De ahí que diría que *no *puede significar _*A él también* le importó siempre el poder.*,_ 

*sino *solamente 

_(Hiciera lo que hiciese,) le importó/interesó siempre *también el poder*.
(Hiciera lo que hiciese,) el poder fue siempre un tema importante para él / nunca dejó de importarle el poder._

Me parece que no es imprescindible traducir el _auch _de forma explícita, siempre que se transmita de alguna manera que nunca perdió el interés en el poder, que no lo dejó nunca de lado.
_________________
* o por lo menos yo entiendo que esto sería: _*Auch ihm* ging es immer um die Macht._ [wie schon seinem Vater]


----------



## lady jekyll

Sigianga said:


> Hola:
> 
> Para mí, la frase tiene esta estructura:
> 
> Ihm [ging es immer] [auch im die Macht.]
> 
> De ahí que diría que *no *puede significar _*A él también* le importó siempre el poder.*,_
> 
> *sino *solamente
> 
> _(Hiciera lo que hiciese,) le importó/interesó siempre *también el poder*.
> (Hiciera lo que hiciese,) el poder fue siempre un tema importante para él / nunca dejó de importarle el poder._
> 
> Me parece que no es imprescindible traducir el _auch _de forma explícita, siempre que se transmita de alguna manera que nunca perdió el interés en el poder, que no lo dejó nunca de lado.
> _________________
> * o por lo menos yo entiendo que esto sería: _*Auch ihm* ging es immer um die Macht._ [wie schon seinem Vater]

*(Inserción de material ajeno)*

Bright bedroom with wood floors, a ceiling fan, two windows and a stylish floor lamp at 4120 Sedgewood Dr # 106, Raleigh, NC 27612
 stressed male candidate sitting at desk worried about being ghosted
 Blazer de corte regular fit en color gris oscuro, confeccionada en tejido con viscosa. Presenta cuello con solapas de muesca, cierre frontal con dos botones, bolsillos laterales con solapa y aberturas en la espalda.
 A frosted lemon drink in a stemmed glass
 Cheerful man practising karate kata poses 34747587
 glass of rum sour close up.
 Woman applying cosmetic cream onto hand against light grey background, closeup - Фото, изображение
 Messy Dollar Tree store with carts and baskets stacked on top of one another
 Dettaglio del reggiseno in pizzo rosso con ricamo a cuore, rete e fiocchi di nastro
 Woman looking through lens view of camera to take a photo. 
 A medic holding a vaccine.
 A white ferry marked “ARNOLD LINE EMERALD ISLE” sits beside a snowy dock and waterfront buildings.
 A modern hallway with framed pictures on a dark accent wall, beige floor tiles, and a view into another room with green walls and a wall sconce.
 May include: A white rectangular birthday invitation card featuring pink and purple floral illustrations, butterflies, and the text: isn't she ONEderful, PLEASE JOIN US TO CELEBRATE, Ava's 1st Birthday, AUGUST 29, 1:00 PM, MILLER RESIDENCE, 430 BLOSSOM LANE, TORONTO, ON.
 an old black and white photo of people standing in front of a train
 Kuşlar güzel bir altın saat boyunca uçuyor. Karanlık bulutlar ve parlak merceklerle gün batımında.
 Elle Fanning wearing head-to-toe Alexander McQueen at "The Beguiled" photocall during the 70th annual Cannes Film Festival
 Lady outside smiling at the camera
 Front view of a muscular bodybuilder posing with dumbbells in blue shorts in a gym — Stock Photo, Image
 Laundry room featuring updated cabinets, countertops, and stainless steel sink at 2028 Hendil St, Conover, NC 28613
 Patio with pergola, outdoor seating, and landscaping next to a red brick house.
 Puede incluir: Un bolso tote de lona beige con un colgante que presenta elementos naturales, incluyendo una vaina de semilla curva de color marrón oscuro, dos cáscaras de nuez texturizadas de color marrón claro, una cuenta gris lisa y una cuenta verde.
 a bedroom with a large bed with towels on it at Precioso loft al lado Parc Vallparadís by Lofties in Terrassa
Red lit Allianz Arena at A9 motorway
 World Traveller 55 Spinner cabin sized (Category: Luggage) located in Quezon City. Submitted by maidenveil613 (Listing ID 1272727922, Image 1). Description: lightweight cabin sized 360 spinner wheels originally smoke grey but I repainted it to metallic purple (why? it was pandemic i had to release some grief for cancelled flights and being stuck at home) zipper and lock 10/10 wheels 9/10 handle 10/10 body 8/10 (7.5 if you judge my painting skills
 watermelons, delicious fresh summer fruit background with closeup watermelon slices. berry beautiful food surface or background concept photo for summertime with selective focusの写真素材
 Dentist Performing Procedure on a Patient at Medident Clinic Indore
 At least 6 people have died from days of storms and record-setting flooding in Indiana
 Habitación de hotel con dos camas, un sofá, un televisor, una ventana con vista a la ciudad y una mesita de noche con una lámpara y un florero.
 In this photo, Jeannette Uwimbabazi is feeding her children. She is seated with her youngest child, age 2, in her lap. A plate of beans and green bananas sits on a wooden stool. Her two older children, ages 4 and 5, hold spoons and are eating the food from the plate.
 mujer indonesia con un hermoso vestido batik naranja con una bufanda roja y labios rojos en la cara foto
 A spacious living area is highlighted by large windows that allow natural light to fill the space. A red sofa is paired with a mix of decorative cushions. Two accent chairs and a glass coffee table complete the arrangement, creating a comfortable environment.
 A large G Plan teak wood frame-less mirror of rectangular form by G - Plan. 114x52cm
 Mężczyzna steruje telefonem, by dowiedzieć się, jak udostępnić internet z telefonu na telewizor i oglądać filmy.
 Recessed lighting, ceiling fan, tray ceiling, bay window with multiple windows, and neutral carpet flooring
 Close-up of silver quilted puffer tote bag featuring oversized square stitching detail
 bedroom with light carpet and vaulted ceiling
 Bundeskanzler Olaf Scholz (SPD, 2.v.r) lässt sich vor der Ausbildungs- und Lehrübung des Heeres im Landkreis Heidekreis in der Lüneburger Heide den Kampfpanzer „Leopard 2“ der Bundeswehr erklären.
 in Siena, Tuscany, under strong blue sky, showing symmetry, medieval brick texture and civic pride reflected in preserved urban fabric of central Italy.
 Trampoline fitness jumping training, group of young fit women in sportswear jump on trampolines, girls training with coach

En primer lugar, gracias a la tres. Tenía mucha duda sobre este "immer auch" que me resulta difícil pasarlo al español porque al fin y al cabo enfatiza el contenido de la frase y no sabía exactamente en qué dirección.
Yo también pienso, Sigianga, -si lo he entendido bien- que aquí el "immer" lleva implícito el "sólo" (no sé si las demás también lo perciben) y también es verdad que podría decirse que el "auch" aquí  es decorativo, para enfatizar el "immer", digo yo (aunque ambos vayan por separado).

En definitiva, la frase en español sería algo como "A él sólo le importaba el poder". (Corregidme, por favor, si no estáis de acuerdo).
Sin embargo, para mí la frase española se deja algo en el tintero, porque lo que yo entiendo en alemán sería algo como "El poder era para él su leitmotiv vital", (porque el "immer" da como una especie de continuidad en la acción...

Perdonadme porque definitivamente me he ido por las ramas y ya no sé si hay forma de entenderme...

En espera de vuestras opiniones,
LJ


----------



## Sidjanga

lady jekyll said:


> ...En definitiva, la frase en español sería algo como "A él sólo le importaba el poder"....


Pues efectivamente no estoy de acuerdo, y mis disculpas por si me expresé mal el mi post de arriba. 

Esta frase se traduciría al alemán como _Ihn interesierte (immer) *nur *die Macht. / (Die) Macht *war alles was *ihn interessierte._/._.. war *das Einzige*, das/was ihn interessierte._ (= no había/nunca hubo otra cosa que le llamara la atención).

Por otro lado, y como ya dijo Muycuriosa, en la frase _Ihn interessierte *immer auch* die Macht_. ambas palabras -tanto _immer _como _auch_- conservan sus respectivsos signifcados la una independientemente de la otra (_le interesó *siempre* *también *el poder_, pero no de forma exclusiva).

Y como dije arriba, para mí, el mensaje central de esta frase es que el poder nunca dejó de interesarle, pero esto *no *significa no no hubiera también otras cosas que le interesaran.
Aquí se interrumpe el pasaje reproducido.